"Where I could have lost it, master, I know no more than the dead," she resumed. "I know I put it safe in my basket; and though I did run, it could not have shaken out, because the lid was shut down; but when I got to Mr. Barley's, and went to take it out, it was gone. Sleighted off right away; just like that letter you lost from the hall-table, sir. What to do I didn't know, for I had given a good pull at their bell before I found out the loss. But I had got another letter in my basket——"
"Another letter?" interrupted Mr. Chandos, thinking his fears were verified.

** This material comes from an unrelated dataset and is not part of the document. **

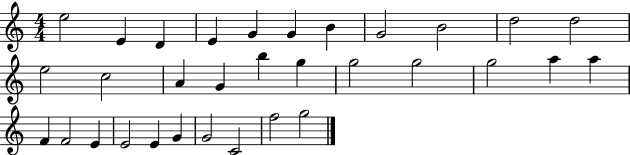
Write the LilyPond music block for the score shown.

"Leastways, as good as a letter, sir. As luck would have it, when I was running down the avenue, I met the young man from the fancy-draper's shop in the village, and he thrust a folded letter in my hands. 'For Lady Chandos, and mind you give it her,' says he, 'for it's a list of our new fashions.' So, what should I do, sir, when I found the other was gone, but give in the fashions to Mr. Barley's young man. 'And mind you take it in to your master without no delay,' says I, 'for it's particular.' He'll wonder what they want, sending him the fashions," concluded Lizzy.

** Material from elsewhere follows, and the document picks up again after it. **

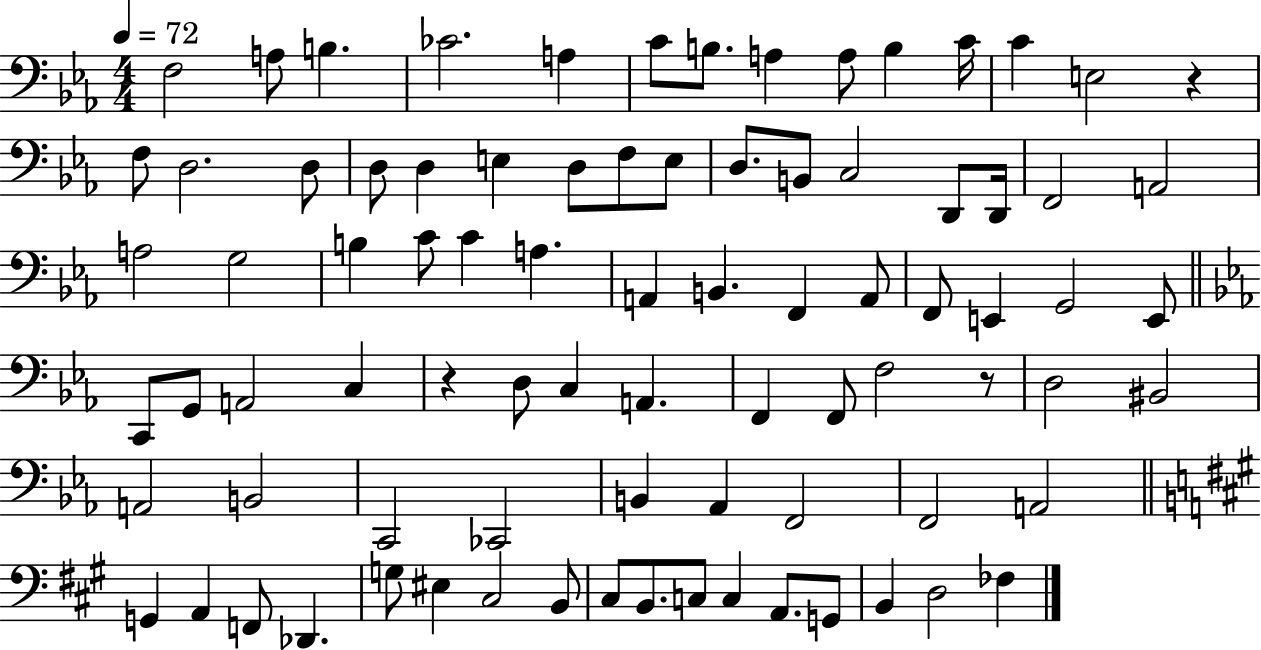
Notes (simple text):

"You said nothing to Mrs. Penn of this?"
"Well—no, I didn't. I meant, when she found it out, to let her think I had given in the wrong letter by mistake. I don't suppose hers was of much consequence, for it was only writ in pencil. I didn't take the money she offered me, though; I thought that wouldn't be fair, as had not done the service."
"And my desire is, that you say nothing to her," said Mr. Chandos. "Let the matter rest as it is."
Mr. Chandos looked very grave after Lizzy Dene withdrew, as though he were debating something in his mind. Suddenly he spoke—
"Anne, cast your thoughts back a few years. Was there any one in Mr. Edwin Barley's house, at the time Philip King was killed, at all answering to the description of Mrs. Penn?"
I looked at him in simple astonishment.
"It has struck me once or twice that Mrs. Penn must have been in the house, or very near it, by the knowledge she has of the details, great and small. And it would almost seem now, Anne, as though she were in league with Edwin Barley, acting as his spy."